My water bottle is absolutely disgusting. She has a dent straight down the middle like she has been folded in half, the majority of the paint is chipped off and the bottom has crashed into just about every surface under the sun. The Panther’s design team even helped me nickname her Cassie, short for catastrophe. Despite all the damage, I refuse to get rid of her. Cassie may be a catastrophe, but she is irreplaceable.
When people ask me why I keep her, I usually go for the simplest answer: she keeps my water cold. People tend not to argue past that. After all, she does truly keep my water cold (as many can tell from the extremely cold water that is constantly dripping out of her biggest dent), and what else would one need in a water bottle?
Despite the usual acceptance of that answer, I know the majority of people see right through it. At my youth group one night, I dropped Cassie down the tiled steps of the Jewish Community Center and everyone saw her handle split in half. The next week, I came back with her handle duct taped together, and the week after that I came in with a whole new cap for her.
At some point, this water bottle stopped being just a water bottle and I think that is made pretty clear to everyone in my life. I take Cassie everywhere with me, and when you take something with you to so many places, it becomes a part of you. In the same way that some of my friends have their staple pieces of jewelry that they wear, my water bottle is my accessory, and is with me at all times.
I got her at the beginning of 2024. I needed a new water bottle for camp and Owalas had just started trending, so I hopped on the bandwagon and got one.

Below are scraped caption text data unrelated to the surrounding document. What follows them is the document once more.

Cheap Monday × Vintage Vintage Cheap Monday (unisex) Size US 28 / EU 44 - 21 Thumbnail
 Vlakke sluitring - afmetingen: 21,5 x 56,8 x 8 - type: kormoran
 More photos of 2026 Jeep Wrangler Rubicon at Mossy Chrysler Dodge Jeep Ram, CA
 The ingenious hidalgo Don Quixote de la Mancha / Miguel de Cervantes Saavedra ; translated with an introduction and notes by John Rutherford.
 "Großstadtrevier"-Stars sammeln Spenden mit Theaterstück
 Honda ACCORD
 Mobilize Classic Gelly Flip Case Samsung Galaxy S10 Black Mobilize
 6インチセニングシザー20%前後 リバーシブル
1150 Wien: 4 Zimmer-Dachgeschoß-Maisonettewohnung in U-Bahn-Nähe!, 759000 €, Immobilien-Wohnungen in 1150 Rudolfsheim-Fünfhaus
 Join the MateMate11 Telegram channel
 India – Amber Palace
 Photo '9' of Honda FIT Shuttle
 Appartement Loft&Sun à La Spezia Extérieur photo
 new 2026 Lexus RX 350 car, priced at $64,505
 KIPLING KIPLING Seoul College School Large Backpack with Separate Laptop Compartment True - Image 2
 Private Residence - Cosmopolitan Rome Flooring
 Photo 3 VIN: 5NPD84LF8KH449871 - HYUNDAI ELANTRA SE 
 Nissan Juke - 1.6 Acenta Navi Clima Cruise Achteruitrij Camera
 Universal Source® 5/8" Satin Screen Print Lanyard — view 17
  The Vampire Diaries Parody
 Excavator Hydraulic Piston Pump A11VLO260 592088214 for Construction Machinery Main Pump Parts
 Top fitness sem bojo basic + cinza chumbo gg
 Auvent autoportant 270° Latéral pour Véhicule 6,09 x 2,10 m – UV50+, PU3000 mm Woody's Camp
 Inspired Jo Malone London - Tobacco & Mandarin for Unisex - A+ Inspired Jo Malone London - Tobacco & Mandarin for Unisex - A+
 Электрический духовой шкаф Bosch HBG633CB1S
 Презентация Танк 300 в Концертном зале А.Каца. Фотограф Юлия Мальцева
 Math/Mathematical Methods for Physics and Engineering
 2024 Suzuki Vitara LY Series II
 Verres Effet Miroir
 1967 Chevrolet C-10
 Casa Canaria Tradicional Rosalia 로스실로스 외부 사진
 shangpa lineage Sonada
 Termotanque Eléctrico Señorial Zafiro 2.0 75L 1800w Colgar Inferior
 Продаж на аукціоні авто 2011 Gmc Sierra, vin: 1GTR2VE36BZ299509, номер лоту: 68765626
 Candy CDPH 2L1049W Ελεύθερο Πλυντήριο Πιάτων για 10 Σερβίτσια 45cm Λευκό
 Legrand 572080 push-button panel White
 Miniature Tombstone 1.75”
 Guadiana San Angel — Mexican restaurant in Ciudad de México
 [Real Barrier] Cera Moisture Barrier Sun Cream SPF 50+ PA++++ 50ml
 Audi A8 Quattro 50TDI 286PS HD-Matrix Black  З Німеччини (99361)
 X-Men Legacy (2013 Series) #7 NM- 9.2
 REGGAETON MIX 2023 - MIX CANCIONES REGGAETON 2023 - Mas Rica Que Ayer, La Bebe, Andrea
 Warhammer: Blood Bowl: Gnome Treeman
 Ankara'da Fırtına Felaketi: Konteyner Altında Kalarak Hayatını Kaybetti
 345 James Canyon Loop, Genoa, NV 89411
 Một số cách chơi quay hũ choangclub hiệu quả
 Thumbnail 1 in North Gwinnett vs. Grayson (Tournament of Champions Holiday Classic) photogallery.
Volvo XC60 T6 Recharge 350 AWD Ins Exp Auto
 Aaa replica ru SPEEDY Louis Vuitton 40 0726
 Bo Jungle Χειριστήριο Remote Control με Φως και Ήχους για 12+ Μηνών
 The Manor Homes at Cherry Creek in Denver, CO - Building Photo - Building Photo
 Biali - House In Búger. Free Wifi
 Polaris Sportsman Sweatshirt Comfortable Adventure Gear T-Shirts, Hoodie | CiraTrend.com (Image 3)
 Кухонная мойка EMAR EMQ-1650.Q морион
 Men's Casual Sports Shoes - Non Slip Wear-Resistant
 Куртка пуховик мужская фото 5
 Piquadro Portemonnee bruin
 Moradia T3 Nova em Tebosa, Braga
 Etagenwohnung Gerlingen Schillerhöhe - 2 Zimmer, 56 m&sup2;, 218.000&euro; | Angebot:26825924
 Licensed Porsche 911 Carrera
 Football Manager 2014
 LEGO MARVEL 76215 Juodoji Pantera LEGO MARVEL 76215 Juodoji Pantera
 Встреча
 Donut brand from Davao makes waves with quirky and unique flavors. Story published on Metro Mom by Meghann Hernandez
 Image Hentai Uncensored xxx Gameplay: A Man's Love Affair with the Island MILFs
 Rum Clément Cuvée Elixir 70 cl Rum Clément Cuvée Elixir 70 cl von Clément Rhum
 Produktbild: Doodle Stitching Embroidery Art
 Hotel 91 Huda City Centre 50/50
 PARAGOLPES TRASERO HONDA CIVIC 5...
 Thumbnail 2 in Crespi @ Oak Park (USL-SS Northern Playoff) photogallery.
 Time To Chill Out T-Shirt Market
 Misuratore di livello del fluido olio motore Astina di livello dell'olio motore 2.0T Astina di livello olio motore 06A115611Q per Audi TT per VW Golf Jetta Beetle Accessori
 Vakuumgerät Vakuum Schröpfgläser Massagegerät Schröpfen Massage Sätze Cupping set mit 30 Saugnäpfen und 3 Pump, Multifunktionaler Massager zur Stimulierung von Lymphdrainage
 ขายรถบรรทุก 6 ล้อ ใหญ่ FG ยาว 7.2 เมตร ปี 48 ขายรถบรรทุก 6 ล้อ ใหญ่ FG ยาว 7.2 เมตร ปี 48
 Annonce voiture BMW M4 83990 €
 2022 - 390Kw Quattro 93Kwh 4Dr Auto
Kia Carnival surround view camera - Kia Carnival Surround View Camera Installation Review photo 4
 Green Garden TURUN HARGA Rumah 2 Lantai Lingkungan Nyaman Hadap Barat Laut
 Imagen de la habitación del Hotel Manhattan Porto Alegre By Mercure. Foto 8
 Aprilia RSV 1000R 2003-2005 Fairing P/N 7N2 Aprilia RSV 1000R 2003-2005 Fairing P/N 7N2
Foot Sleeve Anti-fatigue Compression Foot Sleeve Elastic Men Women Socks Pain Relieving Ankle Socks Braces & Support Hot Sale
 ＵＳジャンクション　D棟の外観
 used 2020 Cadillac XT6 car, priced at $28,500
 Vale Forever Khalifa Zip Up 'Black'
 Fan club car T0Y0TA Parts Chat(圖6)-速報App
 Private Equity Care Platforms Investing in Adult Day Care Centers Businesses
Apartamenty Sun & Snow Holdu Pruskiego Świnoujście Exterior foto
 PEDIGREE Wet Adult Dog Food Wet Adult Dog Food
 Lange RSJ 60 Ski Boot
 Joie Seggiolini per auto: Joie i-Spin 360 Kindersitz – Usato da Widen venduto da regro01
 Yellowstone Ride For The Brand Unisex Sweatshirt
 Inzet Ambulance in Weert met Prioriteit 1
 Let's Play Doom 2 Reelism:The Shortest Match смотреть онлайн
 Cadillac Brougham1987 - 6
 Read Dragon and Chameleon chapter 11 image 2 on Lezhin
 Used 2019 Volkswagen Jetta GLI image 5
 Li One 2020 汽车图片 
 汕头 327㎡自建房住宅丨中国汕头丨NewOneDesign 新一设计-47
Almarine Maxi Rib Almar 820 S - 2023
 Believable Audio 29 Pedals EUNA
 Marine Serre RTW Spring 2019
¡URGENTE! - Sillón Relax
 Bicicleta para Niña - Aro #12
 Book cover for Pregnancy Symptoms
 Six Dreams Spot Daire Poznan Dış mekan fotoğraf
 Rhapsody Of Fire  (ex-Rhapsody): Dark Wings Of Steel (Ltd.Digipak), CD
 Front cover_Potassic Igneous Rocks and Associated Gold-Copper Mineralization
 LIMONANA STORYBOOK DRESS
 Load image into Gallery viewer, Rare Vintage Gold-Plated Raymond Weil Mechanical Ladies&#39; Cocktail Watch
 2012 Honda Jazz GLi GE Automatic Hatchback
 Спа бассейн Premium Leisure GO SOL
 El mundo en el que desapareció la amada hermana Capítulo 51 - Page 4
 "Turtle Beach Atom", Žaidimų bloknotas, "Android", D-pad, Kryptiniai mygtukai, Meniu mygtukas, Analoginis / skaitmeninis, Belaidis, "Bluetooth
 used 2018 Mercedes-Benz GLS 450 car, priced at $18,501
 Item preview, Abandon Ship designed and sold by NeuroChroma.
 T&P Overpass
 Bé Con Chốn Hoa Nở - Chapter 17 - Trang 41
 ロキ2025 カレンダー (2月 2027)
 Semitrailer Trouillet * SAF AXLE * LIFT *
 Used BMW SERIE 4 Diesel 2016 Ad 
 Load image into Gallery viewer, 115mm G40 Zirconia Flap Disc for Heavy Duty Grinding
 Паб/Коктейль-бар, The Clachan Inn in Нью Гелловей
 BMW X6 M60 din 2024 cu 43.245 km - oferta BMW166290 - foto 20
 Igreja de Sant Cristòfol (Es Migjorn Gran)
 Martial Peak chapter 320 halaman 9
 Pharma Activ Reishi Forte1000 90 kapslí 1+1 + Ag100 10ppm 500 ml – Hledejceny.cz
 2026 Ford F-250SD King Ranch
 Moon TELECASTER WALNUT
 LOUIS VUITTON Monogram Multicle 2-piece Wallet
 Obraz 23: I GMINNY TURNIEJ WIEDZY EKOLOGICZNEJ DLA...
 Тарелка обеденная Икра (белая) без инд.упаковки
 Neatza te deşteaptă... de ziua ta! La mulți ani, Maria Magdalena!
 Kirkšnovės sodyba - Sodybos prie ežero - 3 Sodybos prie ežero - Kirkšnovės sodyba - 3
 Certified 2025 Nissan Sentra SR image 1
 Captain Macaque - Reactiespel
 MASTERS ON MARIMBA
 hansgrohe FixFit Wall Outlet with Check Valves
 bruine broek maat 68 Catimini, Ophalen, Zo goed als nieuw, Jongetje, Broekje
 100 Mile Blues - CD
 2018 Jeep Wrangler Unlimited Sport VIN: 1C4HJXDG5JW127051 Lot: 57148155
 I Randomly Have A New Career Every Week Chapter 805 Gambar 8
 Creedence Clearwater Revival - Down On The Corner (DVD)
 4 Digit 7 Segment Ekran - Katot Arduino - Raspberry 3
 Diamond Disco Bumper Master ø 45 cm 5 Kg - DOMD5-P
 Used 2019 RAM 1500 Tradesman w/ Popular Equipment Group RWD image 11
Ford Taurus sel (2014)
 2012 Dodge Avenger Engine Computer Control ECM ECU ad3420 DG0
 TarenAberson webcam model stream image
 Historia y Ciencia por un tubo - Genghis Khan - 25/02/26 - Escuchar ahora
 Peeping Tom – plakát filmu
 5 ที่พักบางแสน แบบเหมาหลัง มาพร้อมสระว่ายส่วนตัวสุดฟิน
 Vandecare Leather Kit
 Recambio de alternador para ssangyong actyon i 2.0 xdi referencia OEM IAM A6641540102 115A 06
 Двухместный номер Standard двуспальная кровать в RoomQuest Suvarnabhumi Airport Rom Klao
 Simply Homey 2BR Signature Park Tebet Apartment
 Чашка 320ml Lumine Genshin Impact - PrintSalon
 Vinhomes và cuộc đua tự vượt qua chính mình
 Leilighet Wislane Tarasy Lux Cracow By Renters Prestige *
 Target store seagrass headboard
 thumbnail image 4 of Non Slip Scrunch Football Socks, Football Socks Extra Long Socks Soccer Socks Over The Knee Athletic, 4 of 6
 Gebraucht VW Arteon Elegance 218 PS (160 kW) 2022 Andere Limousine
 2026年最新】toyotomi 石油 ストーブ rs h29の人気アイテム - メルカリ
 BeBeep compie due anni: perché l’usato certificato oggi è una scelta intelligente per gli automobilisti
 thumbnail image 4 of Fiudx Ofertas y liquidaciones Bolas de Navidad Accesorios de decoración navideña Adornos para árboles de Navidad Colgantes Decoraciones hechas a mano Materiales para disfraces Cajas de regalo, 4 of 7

Cassie is 32 ounces with a purple body with a green and orange cap. I immediately fell in love. One of my biggest quirks is my love for water, with my friends even saying that I could cause a drought all on my own. Cassie made my favorite thing even more accessible to me since I could bring her everywhere. She was perfect to fit in any cupholder, small enough to keep on my desk without taking up too much space and big enough to not need to be refilled too often. As an extra plus, I loved the colors. I loved how cold my water was kept and I loved the sturdiness of her, where if I dropped her or she bumped into something, she would never dent too bad.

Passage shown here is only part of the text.